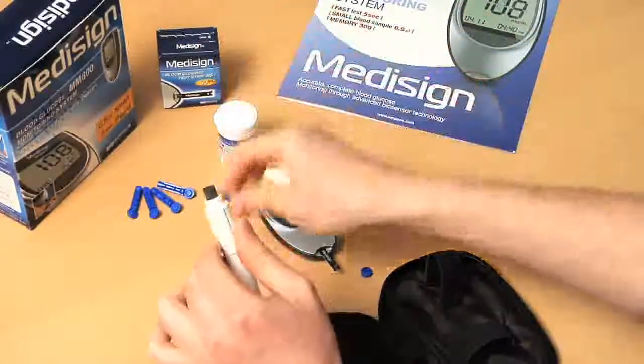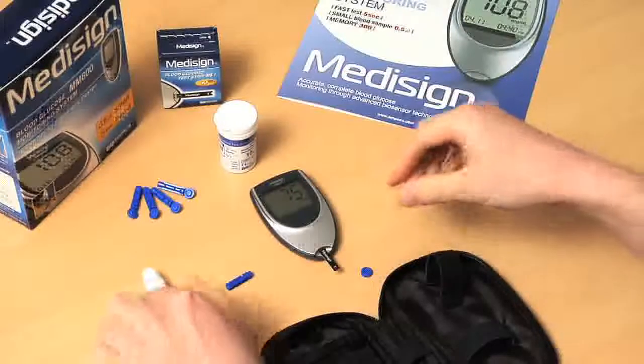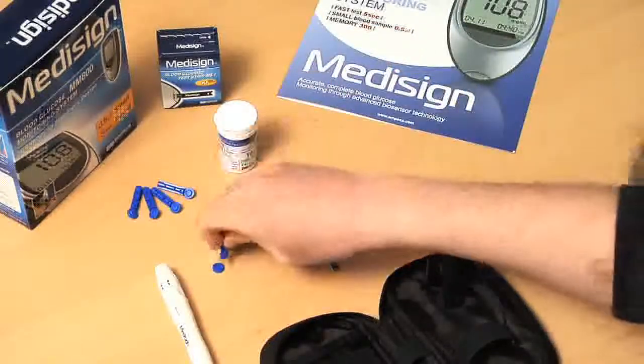Finally, remove the lancet from the lancing device. Put the tip of the lancet on the removed disc to discard it.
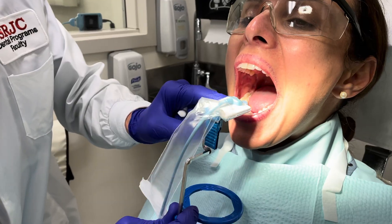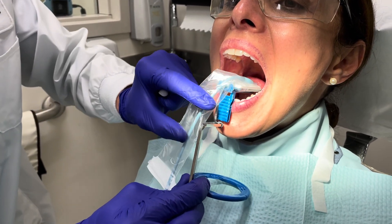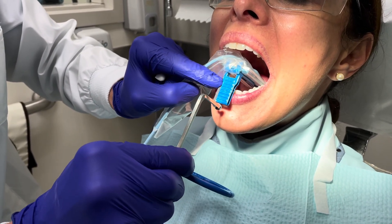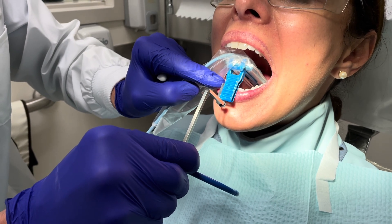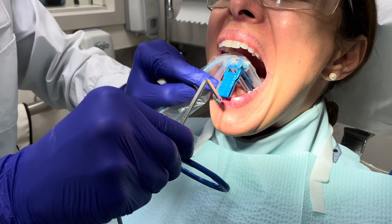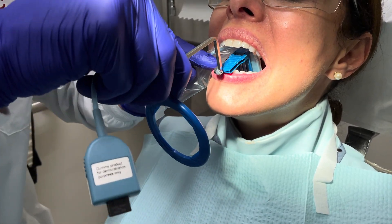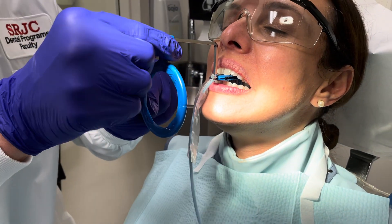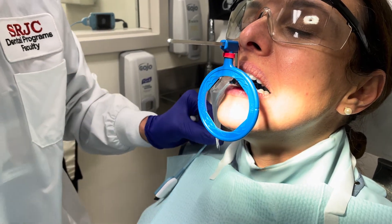So we're going to bring this in parallel to the occlusal plane, and it pushes back under the tongue, getting the bite block to touch the teeth right down there in the front. I can't push any harder, but as she slowly closes, I can start pushing in. Open slightly. Try again — close all the way. So you see how we're able to bring that slowly in her mouth as she was able to close.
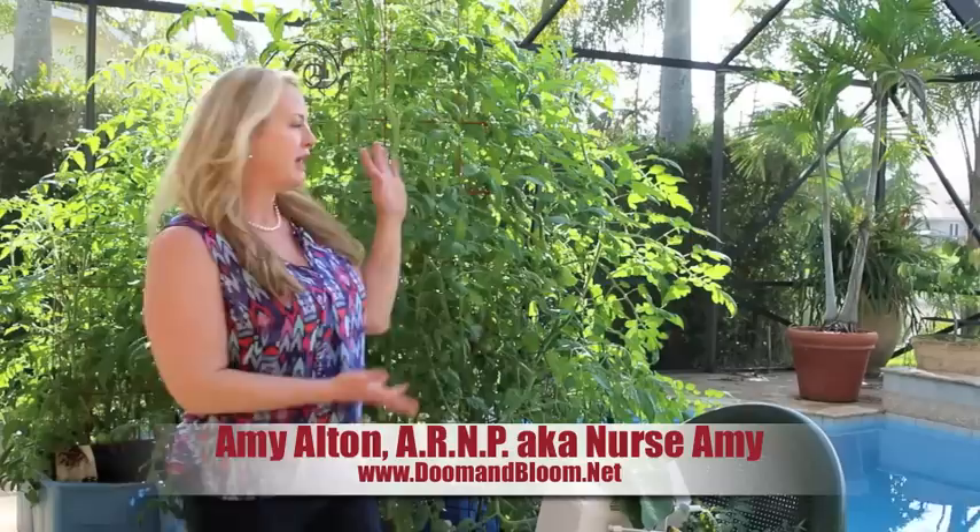Hi, this is Nurse Amy, also known as Amy Alton, from the website doomandbloom.net. Today we're going to talk about how to grow tomatoes. You can see I'm having great success — they're growing beautifully and the leaves look very healthy. Let's start from the bottom up: what soil would you want to use?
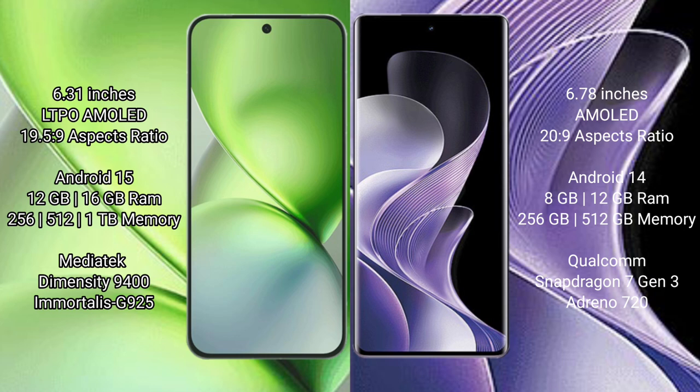The Vivo X200 Pro Mini runs on the Android 15 operating system, while the Vivo V40 runs on Android 14. The Vivo X200 Pro Mini comes with 12GB or 16GB of RAM and 256GB, 512GB, or 1TB of internal storage.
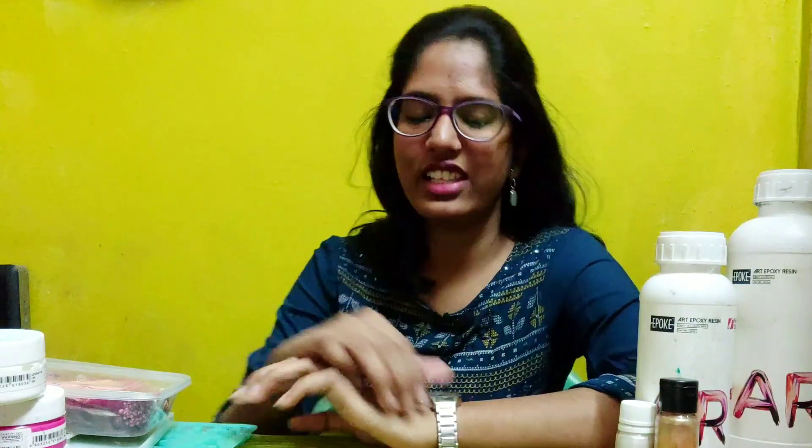Hello and welcome to our journey with Nandhi. You are safe. Let's talk about this video — we will talk about how to start Resin Art. We will share a basic video about Resin Art. Please like and subscribe. Let's go to the video.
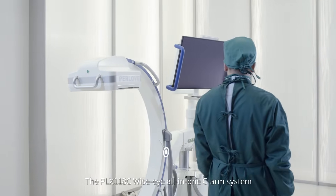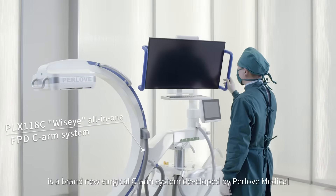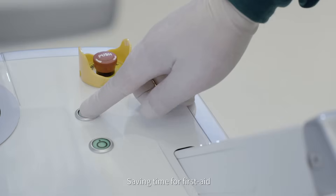The PLX118C WiseEye All-in-One C-Arm System is a brand-new surgical C-Arm System developed by Perloff Medical. Quick start-up design, saving time for first aid.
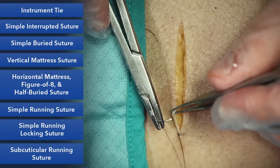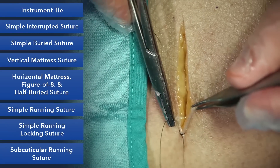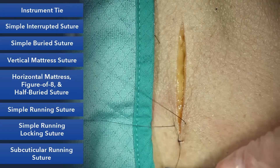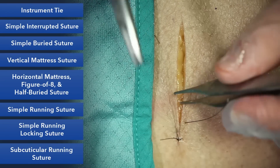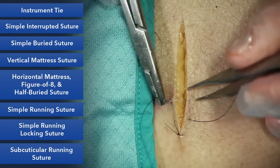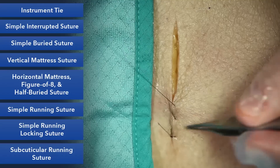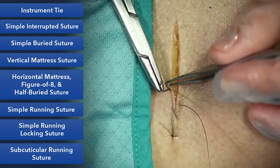You'll advance on the wound in symmetric fashion. Again, try to take 90-degree bites each time. Try to move along at the same pace and same amount each time, almost mimicking a sewing machine.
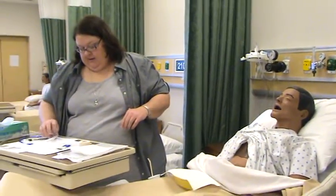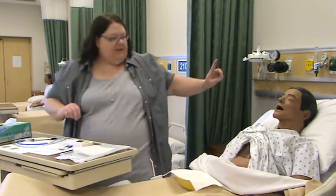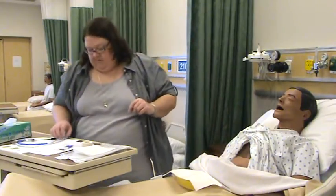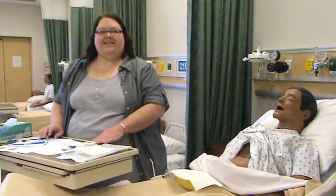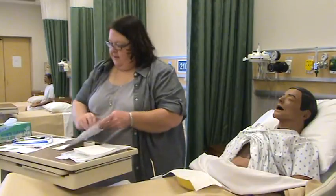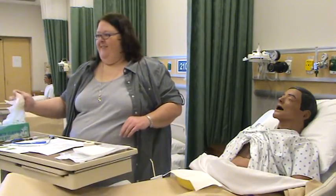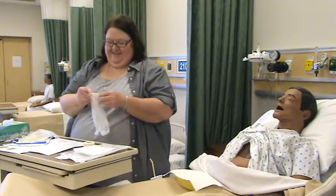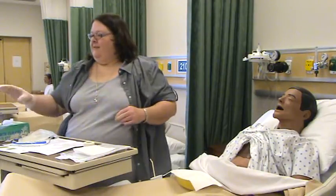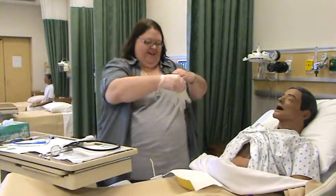I forgot to get a 60 milliliter catheter tip syringe and a stethoscope, so I'm going to push the call light and have my nurse's aide come and get those for me. You rang? I need a 60 cc syringe with a catheter tip and a stethoscope, please. Awesome, thank you. Coffee on me later.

## [Task to complete]
Set down all the entries exactly as they appear, but skip any pictures.

## [Answer box]
Finally, remove the lancet from the lancing device. Put the tip of the lancet on the removed disc to discard it.
So we're going to bring this in parallel to the occlusal plane, and it pushes back under the tongue, getting the bite block to touch the teeth right down there in the front. I can't push any harder, but as she slowly closes, I can start pushing in. Open slightly. Try again — close all the way. So you see how we're able to bring that slowly in her mouth as she was able to close.
Hi, this is Nurse Amy, also known as Amy Alton, from the website doomandbloom.net. Today we're going to talk about how to grow tomatoes. You can see I'm having great success — they're growing beautifully and the leaves look very healthy. Let's start from the bottom up: what soil would you want to use?
The Vivo X200 Pro Mini runs on the Android 15 operating system, while the Vivo V40 runs on Android 14. The Vivo X200 Pro Mini comes with 12GB or 16GB of RAM and 256GB, 512GB, or 1TB of internal storage.
Hello and welcome to our journey with Nandhi. You are safe. Let's talk about this video — we will talk about how to start Resin Art. We will share a basic video about Resin Art. Please like and subscribe. Let's go to the video.
The PLX118C WiseEye All-in-One C-Arm System is a brand-new surgical C-Arm System developed by Perloff Medical. Quick start-up design, saving time for first aid.
You'll advance on the wound in symmetric fashion. Again, try to take 90-degree bites each time. Try to move along at the same pace and same amount each time, almost mimicking a sewing machine.
I forgot to get a 60 milliliter catheter tip syringe and a stethoscope, so I'm going to push the call light and have my nurse's aide come and get those for me. You rang? I need a 60 cc syringe with a catheter tip and a stethoscope, please. Awesome, thank you. Coffee on me later.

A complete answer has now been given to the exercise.